Jago opened the door to Dodi’s private hospital room and leaned his shoulder on the doorframe, happy to watch her sleep. The past twelve hours had been some of the worst of his life and he’d felt as though his heart had started and restarted a hundred times.
He never, ever wanted to relive last night. And he’d do everything in his power to make sure that Dodi would always be safe and protected, dammit.
He could’ve lost her last night and the thought made his heart drop like a stone to his shoes and his throat close. It was time they stopped mucking around and she moved in with him, where he could look after her and love her.
Because love her he did. More than he’d ever believed possible. He’d been fighting his feelings, ignoring the sensations he didn’t recognise—and therefore weren’t, in his rational mind, valid—determined to keep things between them under control.

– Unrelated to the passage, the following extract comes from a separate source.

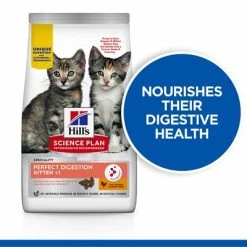 Hill's Science Plan Hill’s Science Plan Kitten Perfect Digestion -Zooplus Sales Shop sp kitten perfect digestion dry chicken bk32781m powerclaim uk 8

Her falling, cracking her head—the possibility of losing her—was a wake-up-and-face-the-music call. For the first time in his life, he felt as if his life was incomplete, that up until now he’d been unaware of the Dodi-sized hole in his life. He needed her: she made him a better man. A life without her in it was a wasteland, grey, wet and utterly miserable. She was light, colour, fun, laughter...love.

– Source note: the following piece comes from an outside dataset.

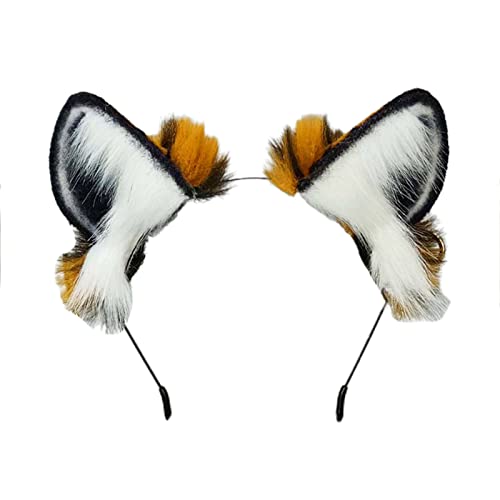 YIZITU Anime Tail Cosplay Prop Plüsch Stirnband Halloween Party Großer Schwanz Cosplay Kostüm Zubehör für Frauen YIZITU Anime Tail Cosplay Prop Plüsch Stirnband Halloween Party Großer Schwanz Cosplay Kostüm Zubehör für Frauen von YIZITU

She was his everything. Dodi sighed, her eyes opened and she turned her head to the door, a soft smile on her face. ‘Hi,’ she murmured.
Jago walked over to the bed, sat down next to her and stroked his thumb over her still pale cheek. ‘Hi back. How are you feeling?’

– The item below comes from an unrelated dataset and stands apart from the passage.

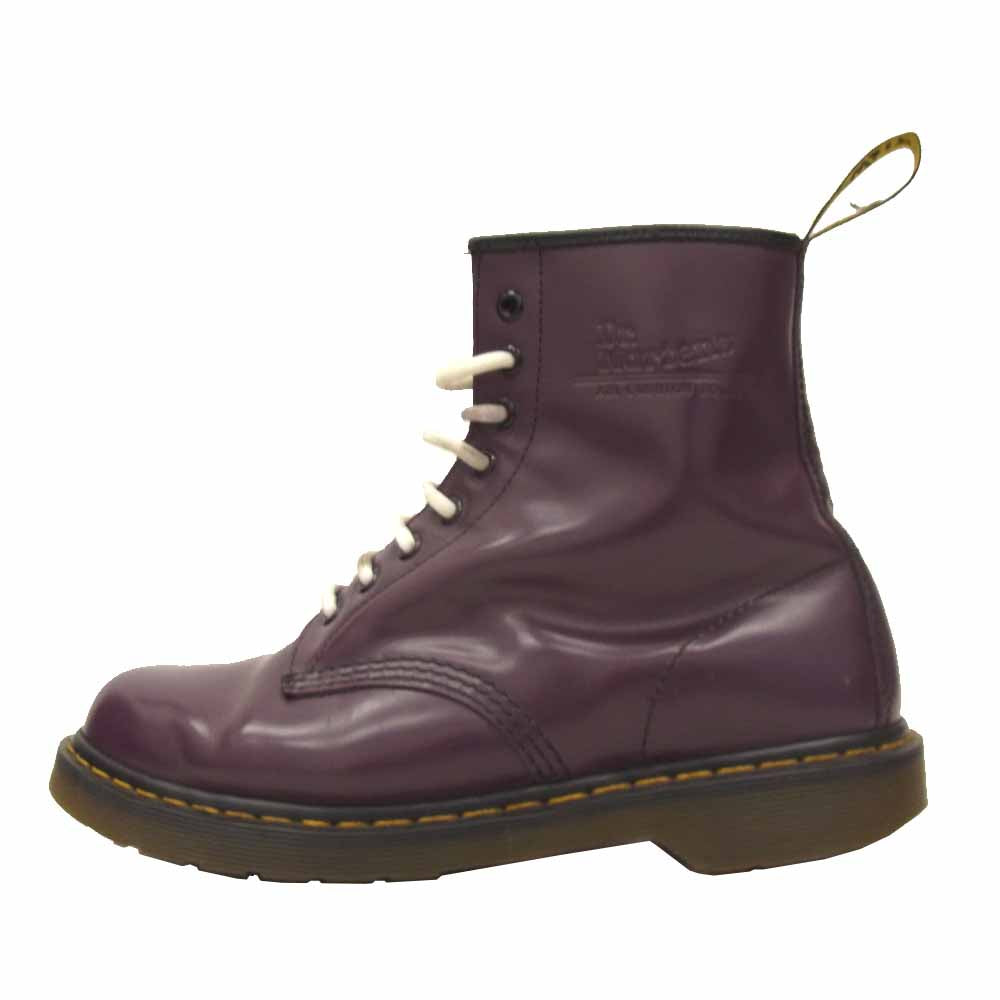 Dr.Martens ドクターマーチン 1460 8ホール ブーツ パープル系 UK8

‘A bit of a headache...’ Dodi’s eyes widened, and she shot up, panic on her face. ‘The baby...is our baby okay?’
He gripped her shoulders, gently squeezed and bent his head so that he could look directly into her eyes. ‘The baby is fine, Dodi. Relax.’
It took her a few deep breaths for his news to make sense. ‘Are you sure?’ she demanded, her voice shrill.
‘Very. They did an ultrasound, and all is well.’
The panic in her eyes receded and was quickly replaced by tears. Of gratitude, he presumed. She flopped back on the pillow and closed her eyes. ‘Thank God, thank God.’
He wholeheartedly agreed. Thank God. Jago found the remote control and lifted the bed so that Dodi sat upright. He resumed his place next to her and placed his hand on her thigh. ‘Don’t you remember having the ultrasound?’
The doctor said that some of her memories might be fuzzy as she’d cracked her head quite hard. She hadn’t needed stitches but she did have a large goose egg on the back of her head.
Dodi shrugged. ‘I remember bits and pieces of last night, not much. I remember running up the steps, slipping, my butt hitting the floor and how sore it was.’
‘You bruised your coccyx and smacked the back of your head,’ Jago told her. ‘You have a minor concussion.’